The drift away from tradition has not spared the arts and crafts. Although many of the old arts are still practised with great skill and dedication, their intrinsic connection with everyday life is becoming tenuous. For example, calligraphy, that staple of artful expression that was still avidly practised in personal correspondence only a few decades ago, has been shoved aside by ball pens and computers - though it survives as an elective art for its own sake.

Even ikebana shows the strains. Where once flowers, grasses and branches were the only materials used in the elaborate creations of the Ikenobo School - that standard-bearer of classical ikebana since the 15th century - today one is hard put to find an arrangement that does not prominently feature plastics, metal wire and other non-organic elements. 'Just flowers' is apparently not done these days.
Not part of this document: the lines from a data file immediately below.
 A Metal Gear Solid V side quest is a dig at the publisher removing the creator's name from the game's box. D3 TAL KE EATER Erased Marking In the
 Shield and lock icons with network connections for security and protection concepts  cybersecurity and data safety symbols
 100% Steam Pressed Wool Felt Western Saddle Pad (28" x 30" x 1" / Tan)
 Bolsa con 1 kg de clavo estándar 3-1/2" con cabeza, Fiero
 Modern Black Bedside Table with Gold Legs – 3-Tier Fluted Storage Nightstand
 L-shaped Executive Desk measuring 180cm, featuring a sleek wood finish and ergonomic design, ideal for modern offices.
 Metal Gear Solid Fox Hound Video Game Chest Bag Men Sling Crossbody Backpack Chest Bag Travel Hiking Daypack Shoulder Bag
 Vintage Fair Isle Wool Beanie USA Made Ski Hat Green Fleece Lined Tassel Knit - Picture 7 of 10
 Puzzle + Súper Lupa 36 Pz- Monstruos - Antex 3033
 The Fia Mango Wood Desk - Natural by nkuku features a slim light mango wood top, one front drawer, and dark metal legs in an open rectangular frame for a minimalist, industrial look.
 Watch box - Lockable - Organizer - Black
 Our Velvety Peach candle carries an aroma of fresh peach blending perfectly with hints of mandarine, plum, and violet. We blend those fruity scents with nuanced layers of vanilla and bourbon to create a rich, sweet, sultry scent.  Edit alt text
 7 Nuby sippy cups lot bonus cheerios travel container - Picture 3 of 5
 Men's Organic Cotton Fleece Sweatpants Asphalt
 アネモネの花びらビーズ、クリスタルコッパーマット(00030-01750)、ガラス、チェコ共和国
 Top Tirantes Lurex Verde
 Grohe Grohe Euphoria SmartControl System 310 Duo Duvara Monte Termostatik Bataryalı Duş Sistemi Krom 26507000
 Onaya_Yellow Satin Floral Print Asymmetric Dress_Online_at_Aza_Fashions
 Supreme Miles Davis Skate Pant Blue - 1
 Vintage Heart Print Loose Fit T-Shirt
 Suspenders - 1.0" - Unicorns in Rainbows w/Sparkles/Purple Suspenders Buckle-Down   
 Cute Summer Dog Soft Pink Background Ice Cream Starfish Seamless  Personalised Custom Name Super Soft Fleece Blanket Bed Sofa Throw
One could see that as welcome proof that even the most ancient of arts is not above modernizing. But ikebana evolved in low-slung, traditional wooden houses. The flowers were placed in alcoves, to be viewed from a squatting position. It was an intimate, quiet process. The guiding philosophy was to use a minimum number of flowers. Today's mixed-material creations, placed on tables, are often lavish and large in size, destined for offices or public spaces. The branches are sometimes daubed with paint and broken or twisted to suit the design. The change represents the drastic shift in overall living patterns, from wafuu to youfuu -- from the Japanese to the Western.

As a consequence, their historical bond with a vanishing lifestyle inevitably leave religions and traditions, arts and crafts increasingly at the mercy of commercial schemes, tourism, loyal followers and tax support for survival.

What does all this spell for the future of the children? The task of shaping malleable young minds must surely be among the noblest and most satisfying of occupations for socially committed men and women. But the Showa teacher's brief was not necessarily to help each child realise its own potential but rather to mould their charges into social particles able to function optimally in a group (for the boys) or in a family (for the girls).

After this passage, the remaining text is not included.